Ad hoc commands and scripts are run on the infrastructure with the Puppet Enterprise (PE) orchestrator or with Puppet's standalone task runner, Bolt. Bolt lets you patch and update systems and services, troubleshoot servers, roll out applications, and start and stop services. It runs on a standard workstation (Linux, Windows, macOS), and secure shell (SSH), secure copy (SCP), Windows Remote Management (WinRM), and other popular authentication methods (password, public key) connect to the remote node. According to the developers, the solution scales to more than 1,000 simultaneous connections.

Bolt uses YAML files or its own orchestration script wrapper, called a "plan." Above all, if statements are used in the scripts for concrete error handling.

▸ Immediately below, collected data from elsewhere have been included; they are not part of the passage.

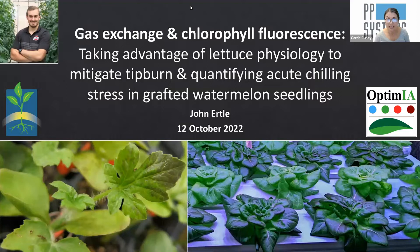Thank you. Now for today's webinar. In two separate studies, you'll learn how John Ertle used leaf gas exchange analysis of lettuce plants to inform potential tip burn mitigation solutions, and how chlorophyll fluorescence is affected by acute chilling stress of grafted and non-grafted watermelon seedlings. Just a little bit about John. John Ertle is a PhD candidate and grad research associate at The Ohio State University, where he worked with Dr. Cherry Kubota for his master's in science in 2020 and his PhD, which he'll complete next year, specializing in applied research problems.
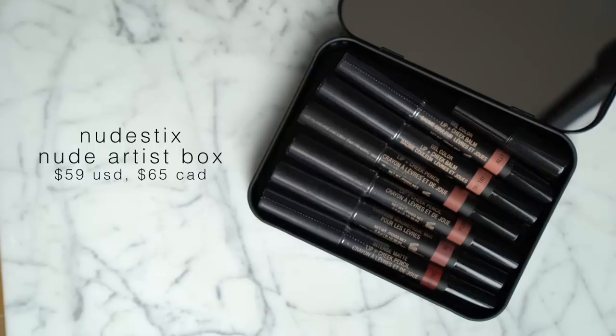For lip products, the first is the Nudestix Six Nude Artist Box — Love Me Nudes Natural Edition — which contains six lip and cheek pencils in a variety of nude shades. I actually have an unopened set that I'm giving away, so stay tuned to the end of the video. This is such a great set if you like a good nude lip — and who doesn't? You have a variety of finishes: gel finish for a sheer wash of color, intense matte, magnetic matte, and a normal gel color. It's a great introduction to Nudestix lip products, which I talk about all the time but still feel are underrated.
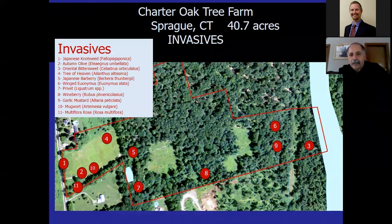The dots on our Sprague property map show where invasives are located within the property boundary — I did the same thing I did at Sessions Woods by putting in dots where the invasives are. I'd like to share the Oriental Bittersweet example here, because you have to pick your battles when managing invasives.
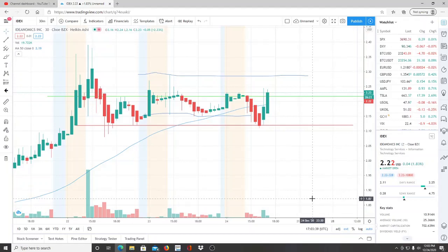All right everyone, here we are with ticker symbol IDEX, Ideanomics. Welcome to all first-time viewers and investors — welcome to the channel Invest for Tomorrow. To all the subscribers, welcome back. Let's jump into this chart.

Administrators who are already familiar with YAML files can generate their tasks in this particular format and then use Bolt's built-in tool to convert YAML files into Bolt plans.

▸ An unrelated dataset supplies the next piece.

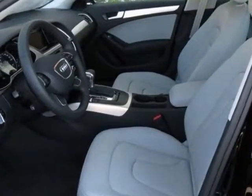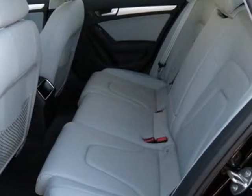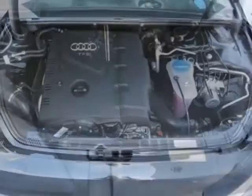Additional options for this vehicle include the without front license plate holder, brilliant black, gray black, leather seating surfaces, cold weather package, and the S-Line style package.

You will find various special features beneficial: Bolt has pre-built scripts that you only need to adapt to specific tasks; it also lets you use existing automation scripts and offers support for Python, Ruby, and PowerShell. Although many orchestration tools rely on agents, Bolt also supports agentless deployment or a combination of the two strategies. Bolt also offers Bash support and workflow orchestration.

Installation and Setup

Bolt runs on all popular operating systems. In addition to a Linux-based machine, you can use the orchestration tool on a macOS or Windows workstation. Installing Bolt on Debian is a matter of a few simple commands:

wget https://apt.puppet.com/puppet-tools-release-bullseye.deb
sudo dpkg -i puppet-tools-release-bullseye.deb
sudo apt-get update
sudo apt-get install puppet-bolt

To run Bolt on a macOS system, you first need to install Homebrew [2], an open source package manager for the operating system. To install Homebrew, run the following command in the macOS terminal:

/bin/bash -c "$(curl -fsSL https://raw.githubusercontent.com/Homebrew/install/HEAD/install.sh)"

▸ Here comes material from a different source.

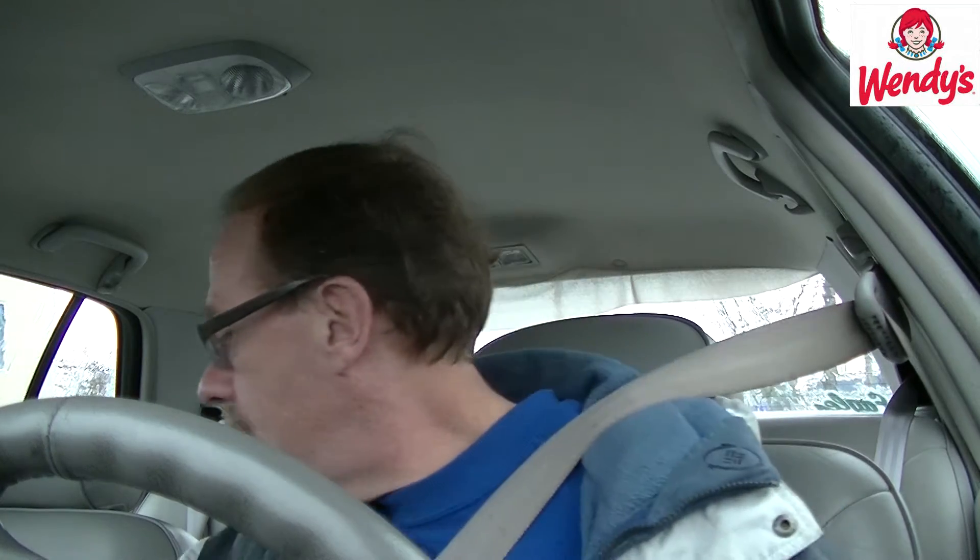I would definitely say go out and try one. On a scale of 1 to 10 I would definitely give this a 7.5 — it's a really good eat. It set me back $7.38 — that's $6.79 and $0.59 tax. New York State tax. The Baconator Double from Wendy's, highly recommended.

Use the tap brew command to instruct Homebrew to use additional repositories. By default, the tap command assumes you are accessing sources from GitHub repositories, so you need to prepare Homebrew for using the Puppet sources by typing:

brew tap puppetlabs/puppet

To install Bolt, run the command:

brew install --cask puppet-bolt

Alternatively, you can use the macOS installer and use the DMG file from the Bolt project site.

To use Bolt on Windows, you need Chocolatey [3], a package manager that performs typical functions such as downloading and installing applications. To install the Bolt packages, and refresh the environment, run the commands:

choco install puppet-bolt
refreshenv

To import the Bolt PowerShell modules, type

Install-Module PuppetBolt

and run a Bolt cmdlet as a test. Ideally, you will not see any error messages. If you do, you might need to add more Bolt modules to PowerShell or edit the execution authorizations.

Task-Specific Configuration

Bolt offers a wide range of customization options for global and project-specific configuration. Four categories can be distinguished:

  • Customizing Bolt's general behavior, such as choosing the format for displaying the output and defining the number of threads for connecting to targets
  • Defining project-specific settings by specifying how to deal with concrete orchestration tasks, including configuring the path to an inventory file or to a Hiera configuration file. (Hiera is a key/value database for the configuration data.)
  • Deciding which transport protocols to use, such as adjusting the path to your private SSH key or the port for the WinRM connection
  • Grouping inventory data by targets and assigning them their own configurations

Bolt options and functions are configured at the project, user, or system level. At the project level, you specify the Bolt configuration in the bolt-project.yaml and inventory.yaml files.

Customizations at the user and system level are defined in bolt-defaults.yaml. If the specific use case does not require user-specific or global configurations, configuration at the project level is the recommended approach.